▶ Your instructions: Write the lines below out exactly, dropping each picture.

▶ Data shown:
···

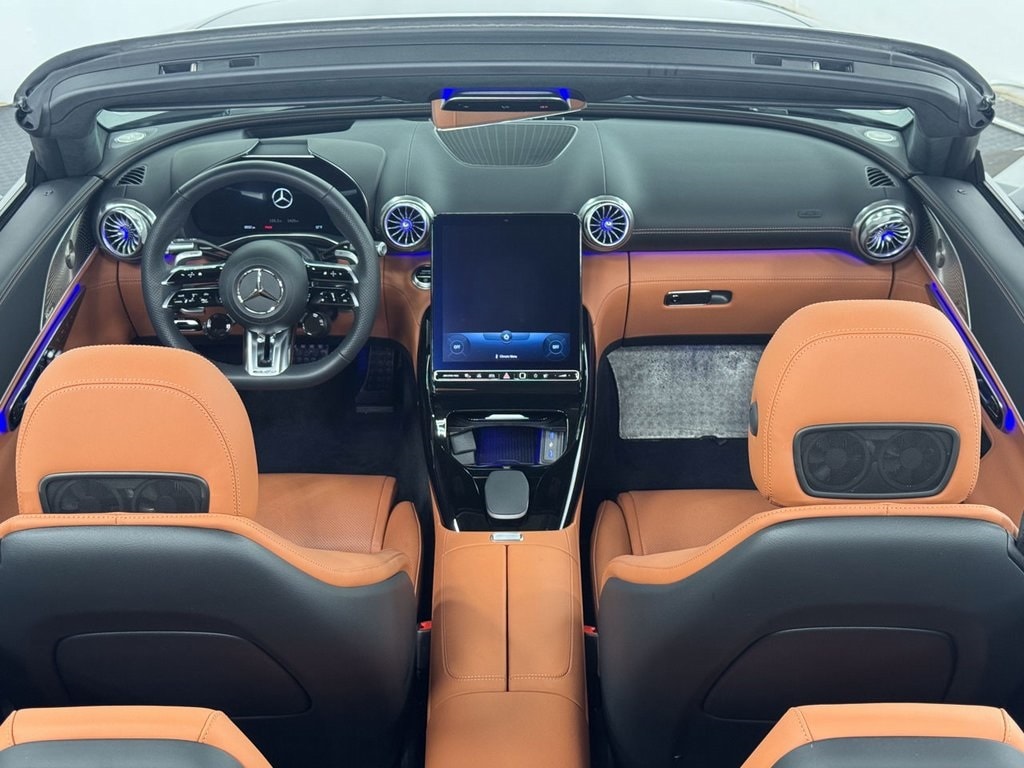 2022 MERCEDES-BENZ SL-CLASS - Image 26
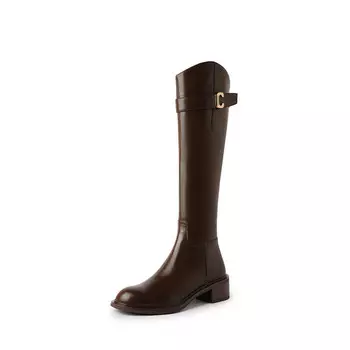 Сапоги PVAJ Knee-high Boots Women's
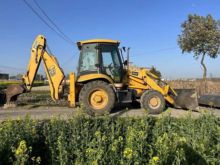 2018 jcb 3cx
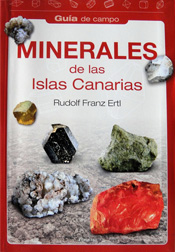 Minerales de las Islas Canarias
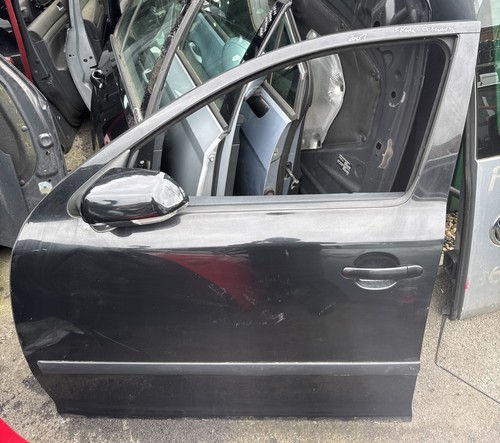 Skoda octavia passenger - dr,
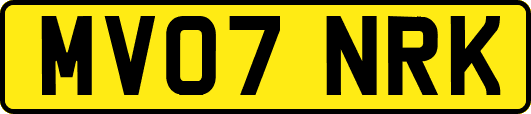 MV07NRK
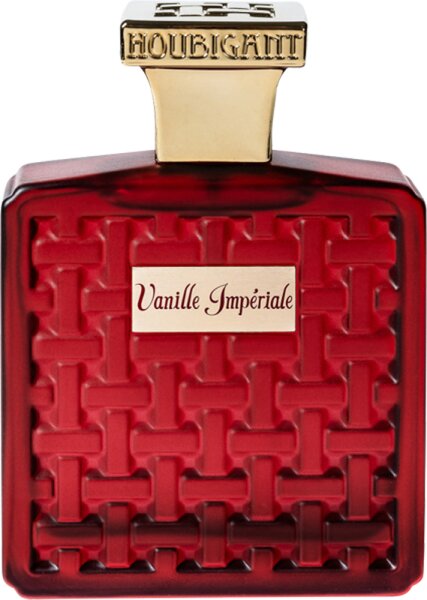 Houbigant Vanille Impériale Eau de Parfum (EdP) 100 ml von Houbigant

···

▶ The completed task:
 2022 MERCEDES-BENZ SL-CLASS - Image 26
 Сапоги PVAJ Knee-high Boots Women's
 2018 jcb 3cx
 Minerales de las Islas Canarias
 Skoda octavia passenger - dr,
 MV07NRK
 Houbigant Vanille Impériale Eau de Parfum (EdP) 100 ml von Houbigant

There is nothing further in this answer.